Evaluation of tension-free vaginal tape and transobturator tape surgery performed in one year in terms of mesh erosion
Is the surgical method effective in mesh erosion?
Keywords:
trans-obturatar tape, suburetral slings, stress urinary incontinance, tension-free vaginal tapeAbstract
Background/Aim: Mesh erosion is one of the feared complications in surgeries performed using mesh, and its frequency is increasing as more and more of these surgeries are performed. This study aims to evaluate transobturator tape (TOT) and tension-free vaginal tape (TVT) surgeries performed in the surgical treatment of stress urinary incontinence (SUI) in our clinic in terms of clinical results and mesh erosion.
Methods: This study is a retrospective cohort study. The files of 50 patients who had SUI and underwent TOT and TVT surgery in our clinic between January 2022 and January 2023 were reviewed. Patients diagnosed with pure SUI and for whom surgery was performed were included in our study. The participants were divided into two groups: those who had TOT surgery and those who had TVT surgery.

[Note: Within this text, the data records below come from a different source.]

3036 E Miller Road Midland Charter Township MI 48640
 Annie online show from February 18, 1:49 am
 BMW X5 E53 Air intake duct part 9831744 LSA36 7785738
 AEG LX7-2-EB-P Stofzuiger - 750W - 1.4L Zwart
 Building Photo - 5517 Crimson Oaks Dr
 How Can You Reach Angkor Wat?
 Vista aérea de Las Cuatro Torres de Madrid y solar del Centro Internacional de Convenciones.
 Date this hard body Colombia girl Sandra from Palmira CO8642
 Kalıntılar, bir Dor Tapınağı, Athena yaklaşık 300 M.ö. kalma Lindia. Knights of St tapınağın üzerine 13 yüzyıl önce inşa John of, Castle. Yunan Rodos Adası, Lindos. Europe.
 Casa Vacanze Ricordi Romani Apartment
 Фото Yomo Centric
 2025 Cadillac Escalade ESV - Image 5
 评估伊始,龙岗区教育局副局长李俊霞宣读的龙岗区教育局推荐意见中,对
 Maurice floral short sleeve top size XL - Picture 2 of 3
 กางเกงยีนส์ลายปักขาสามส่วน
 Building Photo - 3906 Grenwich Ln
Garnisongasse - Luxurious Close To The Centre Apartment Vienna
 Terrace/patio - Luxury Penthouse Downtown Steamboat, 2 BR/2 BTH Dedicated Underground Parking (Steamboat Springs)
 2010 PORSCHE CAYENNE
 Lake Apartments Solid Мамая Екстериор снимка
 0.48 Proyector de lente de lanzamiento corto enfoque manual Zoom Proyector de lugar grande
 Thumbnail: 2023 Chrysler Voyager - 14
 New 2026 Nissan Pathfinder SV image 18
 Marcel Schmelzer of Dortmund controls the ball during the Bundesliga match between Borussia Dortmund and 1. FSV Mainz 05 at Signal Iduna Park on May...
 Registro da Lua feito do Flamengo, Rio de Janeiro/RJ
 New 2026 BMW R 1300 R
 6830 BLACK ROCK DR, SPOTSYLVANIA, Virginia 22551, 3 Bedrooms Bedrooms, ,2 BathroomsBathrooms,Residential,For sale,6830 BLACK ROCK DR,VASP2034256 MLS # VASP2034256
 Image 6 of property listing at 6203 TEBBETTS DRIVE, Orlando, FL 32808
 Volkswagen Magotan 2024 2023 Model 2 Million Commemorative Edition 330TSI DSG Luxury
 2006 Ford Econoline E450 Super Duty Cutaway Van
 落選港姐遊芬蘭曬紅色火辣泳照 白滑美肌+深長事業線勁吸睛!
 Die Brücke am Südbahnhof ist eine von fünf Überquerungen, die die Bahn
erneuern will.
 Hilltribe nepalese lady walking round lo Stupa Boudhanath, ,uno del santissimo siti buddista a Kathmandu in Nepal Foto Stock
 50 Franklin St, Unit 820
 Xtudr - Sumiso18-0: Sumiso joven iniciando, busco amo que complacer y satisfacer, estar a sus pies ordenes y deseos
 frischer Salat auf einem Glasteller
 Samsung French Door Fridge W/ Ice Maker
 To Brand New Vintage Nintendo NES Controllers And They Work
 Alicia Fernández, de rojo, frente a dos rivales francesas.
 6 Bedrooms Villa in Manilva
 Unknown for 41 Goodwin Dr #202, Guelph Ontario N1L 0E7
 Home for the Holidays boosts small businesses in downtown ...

These groups were evaluated and compared in terms of mesh injury, mesh erosion, pelvic pain, dyspareunia symptoms, and urinary retention. The surgical data of patients, incidence of complications, pre- and postoperative incontinence impact questionnaires (IIQ-7) and the scores of the International Consultation on Incontinence Questionnaire Short Form (ICIQ-SF) were recorded.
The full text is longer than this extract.